Here are the cases of five men convicted in Jefferson County Circuit Court who are listed in a new national registry of exonerations:
Freddie Lee Gaines: Charged in a 1973 double homicide, he was acquitted in one death and convicted in the other. Gaines was released for good behavior after 11 years in prison. Five years later, in 1990, another man confessed to the crimes. Gaines received $1 million in state compensation, but was not pardoned until 2005.
Dale and Ronnie Mahan: Convicted of a 1984 kidnapping and rape, Dale was sentenced in Bessemer to 35 years and Ronnie received life without parole as a habitual offender. They were released after nearly 14 years when testing that was not available before trial showed they did not leave DNA found on the victim. She still maintained she was attacked by two men, but admitted she had sex with a man other than her husband earlier that day.
Louis Griffin: After his arrest on federal racketeering charges, the New York street gang member took credit for a 1992 drug-debt slaying in Birmingham.
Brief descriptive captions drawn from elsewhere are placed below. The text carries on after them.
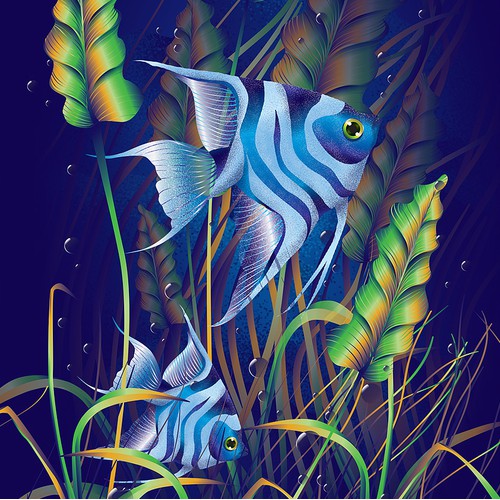 Aquarium fishes illustration collection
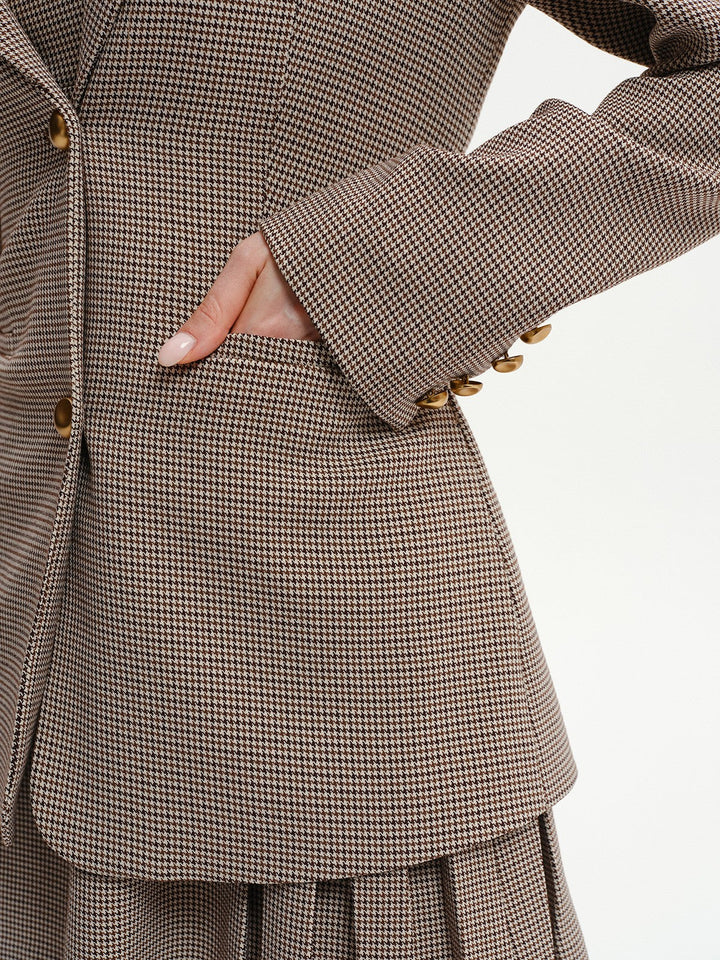 Houndstooth Metal Button Blazer  Liora Lane Boutique Blazers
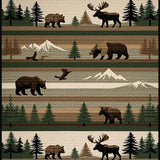 Ultra Soft Area Rug, Non Slip, Stain Resistant, Washable Area Rugs for Living Room, Bedroom, Rustic Earthy Wildlife Motif(Brown)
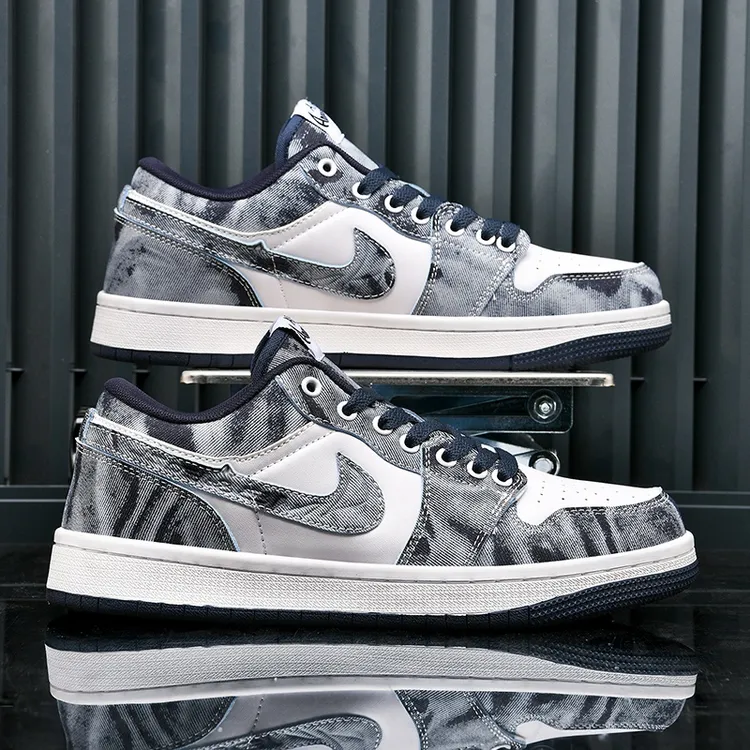 莆田aj男鞋黑白熊猫aj1低帮牛仔蓝板鞋联名款空军一号low运动鞋女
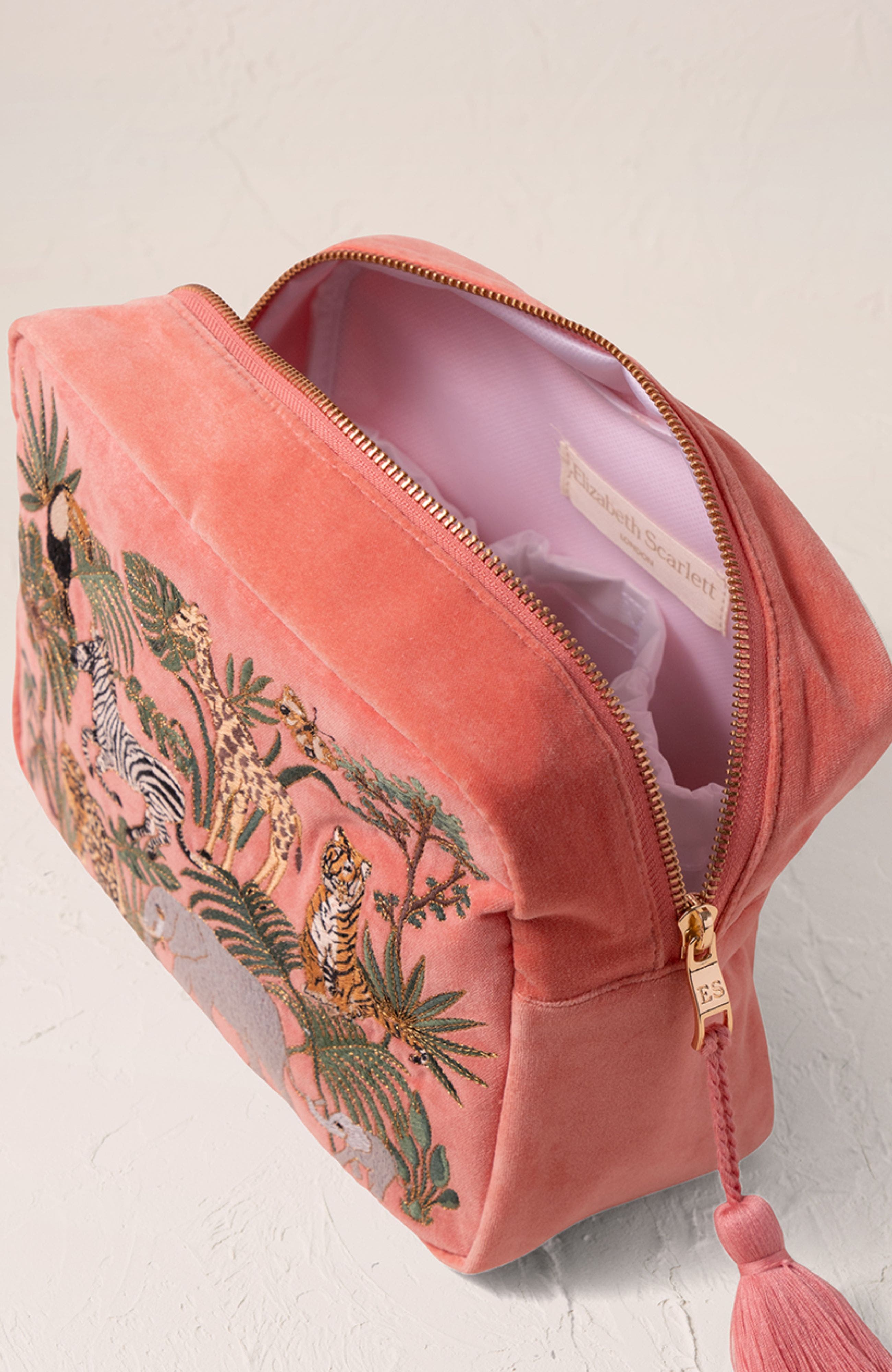 World Wildlife Velvet Wash Bag (Women) | Nordstrom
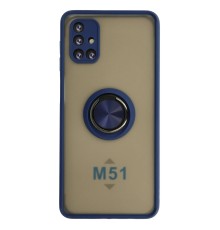 Samsung Galaxy M51 Kılıf Montreal Yüzüklü Silikon Kapak - Lacivert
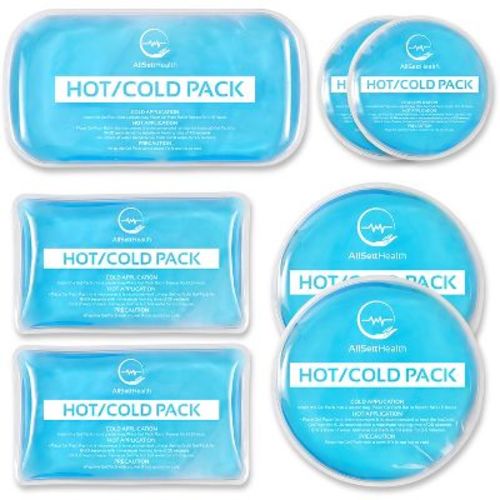 Allsett Health Reusable Hot And Cold Gel Ice Packs For Injuries - Cold Compress, Ice Pack, Gel Ice Pack, Knee, Hand, Leg, Foot, Flexible- 7 Pack Blue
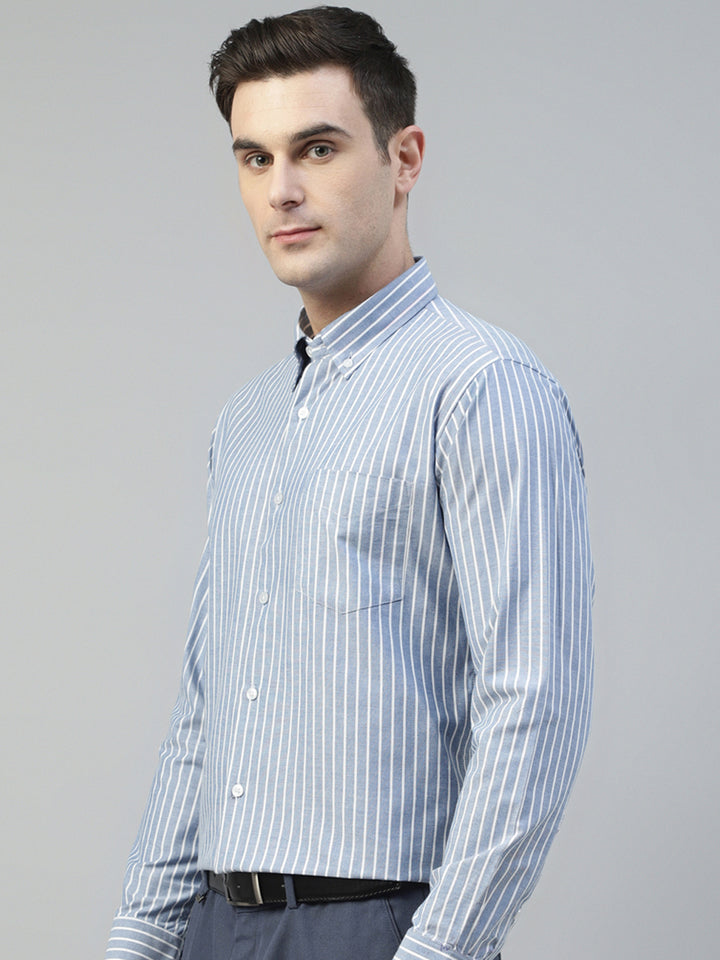 Men Blue & White Candy Striped Pure Cotton Slim Fit Formal Shirt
But when he and another man went on trial in Birmingham in 1997, Griffin said he made it all up to get a lighter sentence in his federal case. Both men were convicted, with Griffin getting a death sentence and the other man a life term. Griffin won a new trial in 2000 and was acquitted in 2001, but went to federal prison for the racketeering case.
Wesley Quick: Charged in the 1995 shooting deaths of two teens near Pinson, his first prosecution ended in mistrial due to juror misconduct. He was convicted and sentenced to death in 1997, but won a new trial and was acquitted in 2003. The trial judge then sentenced Quick to 76 years in prison after he pleaded guilty to three burglaries, including one in which the murder weapon was stolen.